You had your media outlets who were part of your political tool kit. You owned members of the Rada. In order to look after your interests you had certain people who worked in key ministries who worked for you. Those days need to end.


The government in Ukraine needs to serve the interests, not of any particular group or family, but of the Ukrainian people. One of Viktor Yanukovich’s legacies was that he was so greedy and he so concentrated the leverage of the state to further his own financial and familial interests, that he basically broke that old oligarchic model.


Now something new started to grow up underneath it. It's not going to happen from one day to the next. We had to work through these issues in the United States in the early 1900s. It's going to take Ukraine time.

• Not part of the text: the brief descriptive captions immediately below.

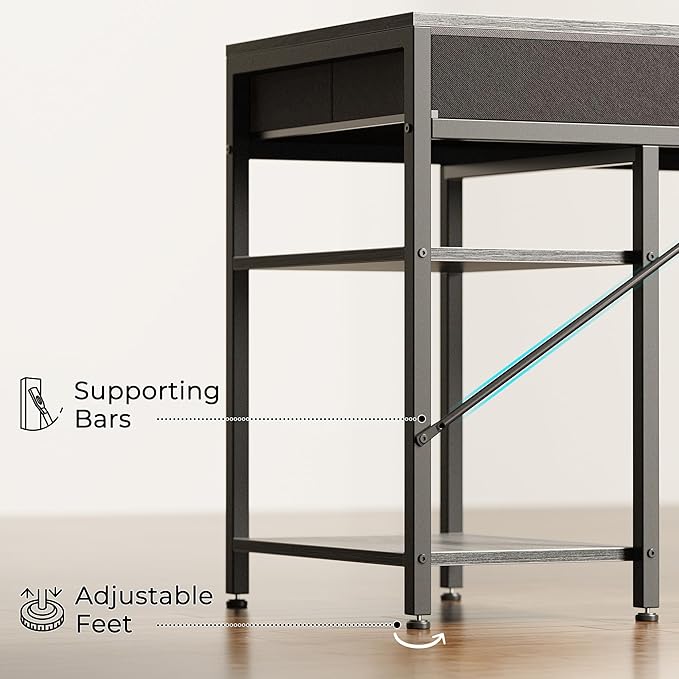 Huuger Computer Desk with 6 Drawers, 63 Inch Office Desk with Shelves, Reversible Gaming Desk, Corner Desk with Storage, for Home Office, Study, Living Room, Grey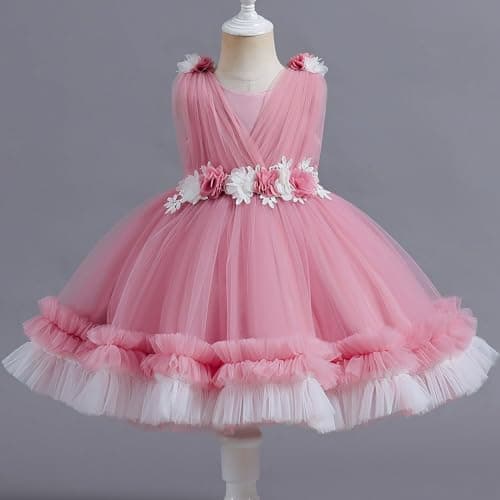 OBEEII Baby Girls Flower Tulle Tutu Dress for Formal Events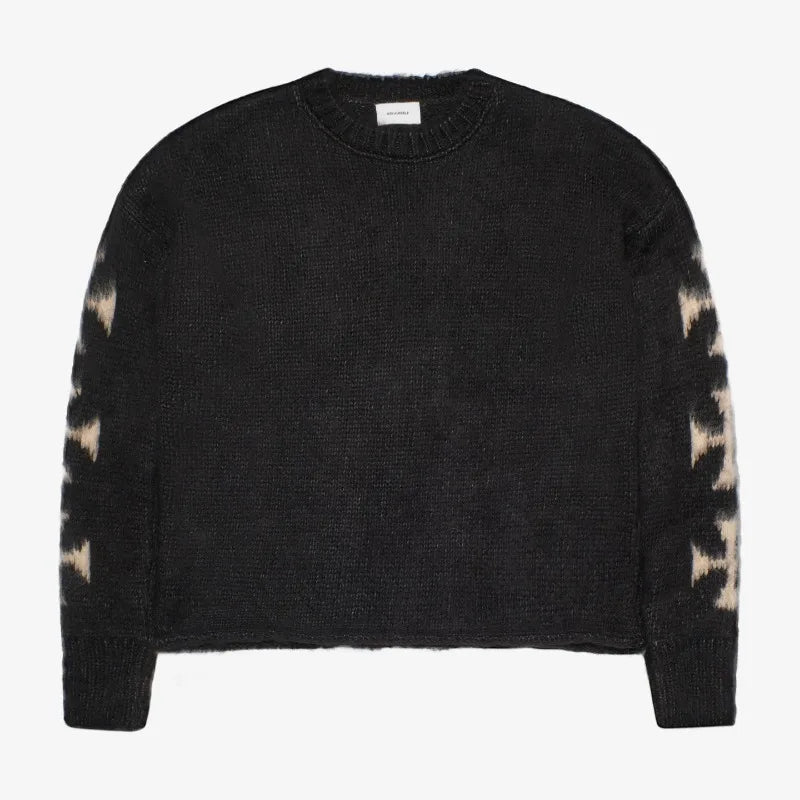 Y2K Punk Goth Street Men Sweater Retro Hip Hop Winter Warm Knitwear Couple Harajuku Trend Fashion Casual Oversized Pullover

But Ukraine has advantages. It has help, including powerful friends like the United States. And it has the roadmap that’s provided by the association [with Europe].

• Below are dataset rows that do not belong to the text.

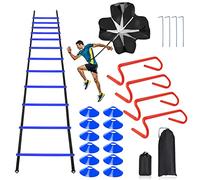 Set di attrezzature per l'allenamento della velocità e dell'agilità, include 12 pioli da 6 m, 4 ostacoli per agilità, 12 coni a disco, 1 paracadute di resistenza per allenamento atleti di calcio,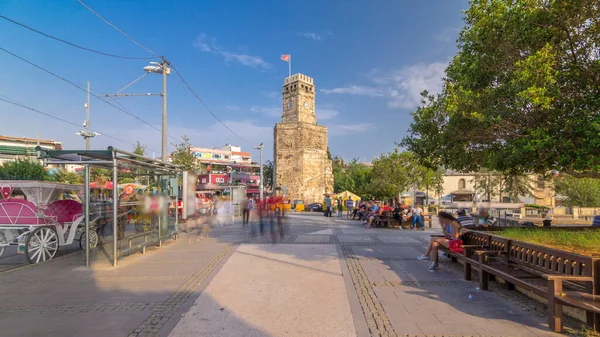 Hodinová Věž Historické Části Antalya Kaleici Timelapse Turecko Pohled Před — Stock fotografie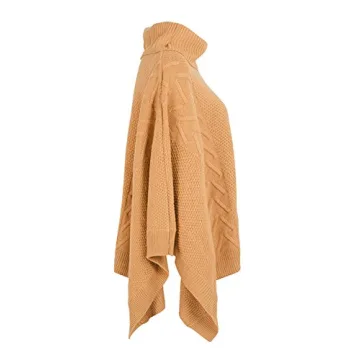 BerryGo Women's Chic Turtleneck Poncho Sweater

I strongly support the approach that Prime Minister Groysman has taken which is that privatization needs to be transparent. He said in the case of the Odessa plant that there needed to be at least two bidders, and one of them needed to be a legitimate foreign operator. 


These are good principles. Under the circumstances, I think it was just as well that the tender was aborted. He signaled very clearly to us, to me, his intentions to move forward with privatization as quickly as possible.


He has tasked Ihor Bilous, the head of the State Property Fund to develop an approach that finds the right price and deals with some of the issues that deterred at least the key American potential bidder. None are more important that the dead-overhang of Firtash, because of Firtash´s legal status in the United States.


They need to find a way to somehow insulate against the Firtash debt, so that any international company, particularly any American company that picks up the Odessa plant, does not find that it comes with a poison pill.


That's certainly the intention of Prime Minister Groysman and he made it very clear to us that he doesn't want it to stop with the Odessa plant, but he want to look at all of the areas where the government is presently involved.


I agree with former Economy Minister [Aivaras] Abromavicius on the idea that these privatizations are important, first and foremost, not as revenue measures but as anticorruption measures. Because as long as you have these entities in the hands of the state in Ukraine, as in many other countries where you have large state owned enterprises, they tend to attract corrupt interests within the government and from outside.


Ambassador Pyatt leaves Ukraine at the end of this week. Under his watch most would agree that Ukraine has become a better place. Thank you for you have done to help Ukraine down what is a long and difficult road.